**Aim of the exercise:**
Go over the lines below, and when one contains the word "Women", copy it.

**Input:**
════════

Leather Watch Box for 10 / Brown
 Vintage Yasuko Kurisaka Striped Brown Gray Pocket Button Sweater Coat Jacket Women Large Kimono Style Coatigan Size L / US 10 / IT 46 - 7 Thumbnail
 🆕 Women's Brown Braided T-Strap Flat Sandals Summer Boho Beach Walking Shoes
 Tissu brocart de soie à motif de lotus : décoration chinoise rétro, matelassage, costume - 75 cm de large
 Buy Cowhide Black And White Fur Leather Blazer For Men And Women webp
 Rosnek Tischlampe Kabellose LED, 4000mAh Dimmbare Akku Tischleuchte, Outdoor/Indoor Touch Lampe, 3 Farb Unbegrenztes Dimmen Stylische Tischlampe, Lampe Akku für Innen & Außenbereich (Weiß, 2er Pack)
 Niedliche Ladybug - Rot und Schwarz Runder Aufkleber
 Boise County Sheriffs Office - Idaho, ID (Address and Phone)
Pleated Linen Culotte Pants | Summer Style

════════

**Solution:**
 Vintage Yasuko Kurisaka Striped Brown Gray Pocket Button Sweater Coat Jacket Women Large Kimono Style Coatigan Size L / US 10 / IT 46 - 7 Thumbnail
 🆕 Women's Brown Braided T-Strap Flat Sandals Summer Boho Beach Walking Shoes
 Buy Cowhide Black And White Fur Leather Blazer For Men And Women webp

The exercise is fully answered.